Well tell that to the courts, maybe you'll be the one to convince Roberts and Alito and Thomas and all three Trump nominated justices that it's just a minor paperwork mixup. I'm sure you can find the contact info of a staffer or something somewhere online who will listen to your expert understanding of the law and pass it on.

Or perhaps instead of projecting idealogical capture onto me, you could look inside yourself and go "Do I really understand this better than a 9-0 ruling with six conservative judges, three of whom were appointed by Trump's own first administration?", realize the answer is no and then ask yourself why you're so invested into it that you had thought that was the case at all.

Either Trump managed to pick three secret compromised liberals for the court, had no involvement in his own admin's selection (that's concerning and poor leadership if true, I hope not) or the case is more complex than your layman understanding of law leads you to believe.

How do you know I didn't?

Maybe it's just vibes, but the way you talk doesn't sound like it could come from anyone spending any relevant amount of time arguing against liberals and progressives. Usually that sort of thing leaves one with enough scars that they'd be able to implicitly signal they're aware of the issues with the other side, but your writing style just screams "basic Trump-bad Redditor".

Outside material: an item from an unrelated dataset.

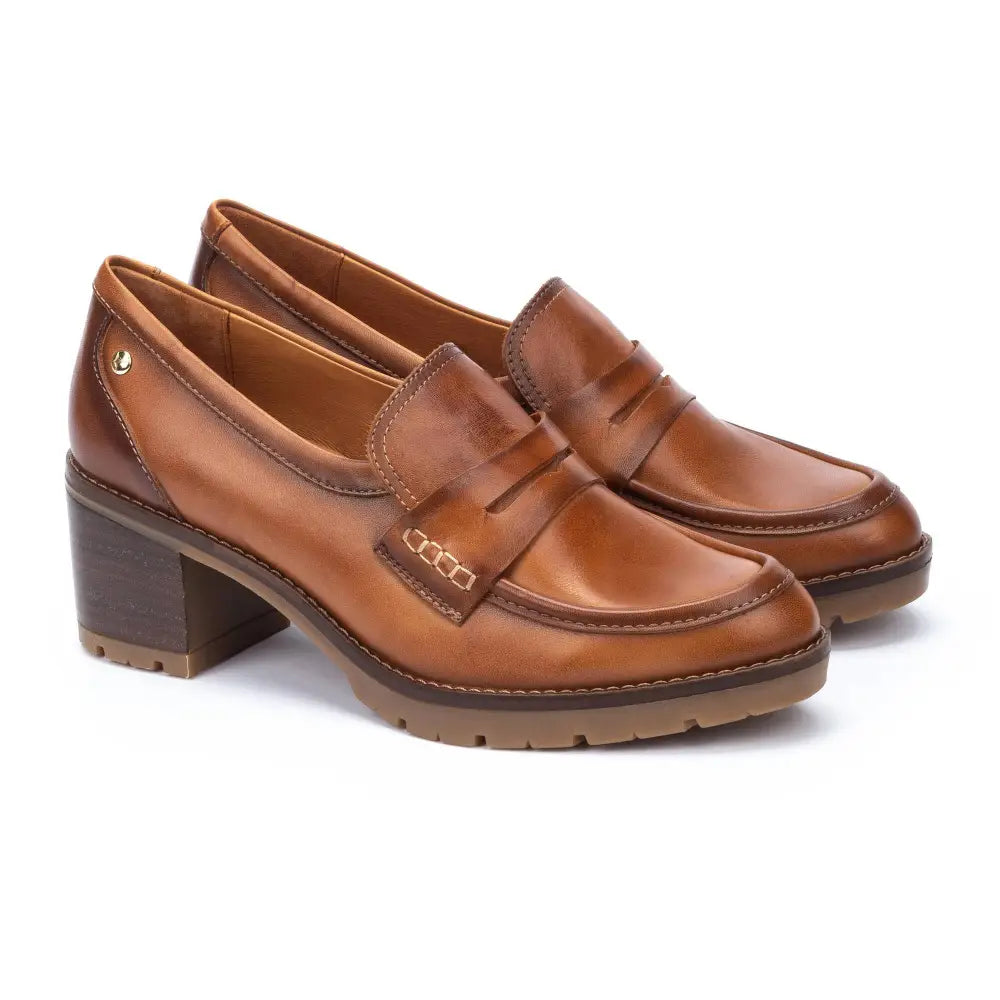LLANESPenny loafers with heel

I am more libertarian minded and grew up respecting plenty of conservative figures. My parents were both Reagan voters, they were split in 2008 (Obama was pretty widely popular so it's understandable), and I voted Trump in the first term as he was the Republican candidate against Clinton.

But I am also a person raised on fundamental American values, both my parents are lawyers (while, were, one is retired) and they took pride in it. I was originally going to follow until I decided to have a better work life balance for my kid.

There are lots of very conservative people on the court who are friendly to Trump's goals, but they are also (like many judges) obsessed with the proper procedures and rule of law being followed. The 9-0 ruling didn't happen because all the conservative aligned SC judges hate deportations, it happened because the Trump admin violated the lower court ruling and they are expected to do their due diligence and try to make a wrong situation right. The exact terms of this are yet to be ironed out in the courts, but process matters and the judicial authority should and must be followed for a healthy legal system.

So again I ask you, does it not intrigue you why the "activist courts" aren't blocking most deportations, but only these particular ones?

I am more libertarian minded and grew up respecting plenty of conservative figures. My parents were both Reagan voters, they were split in 2008 (Obama was pretty widely popular so it's understandable), and I voted Trump in the first term as he was the Republican candidate against Clinton.

I used to be a libertarian myself, and again would expect that the experience of being shat on by everyone from Bush to Obama stans, not to mention the lockdown madness, would leave one scarred enough, that they'd at least understand where "the system is fake and gay" people are coming from. Even your stated reason for voting Trump is going to be seen as downright weird by most people posting here.

You're wondering why you keep getting questioned and second-guessed, I'm just trying to point out that there's a reason why this is happening.

So again I ask you, does it not intrigue you why the "activist courts" aren't blocking most deportations, but only these particular ones?

I haven't really jumped into this to talk about the specifics of the case, just to point out the reason for the dynamics between you and the other posters, but no it doesn't intrigue me in the slightest. Politics is not about applying principles, it's the art of knowing what you can get away with.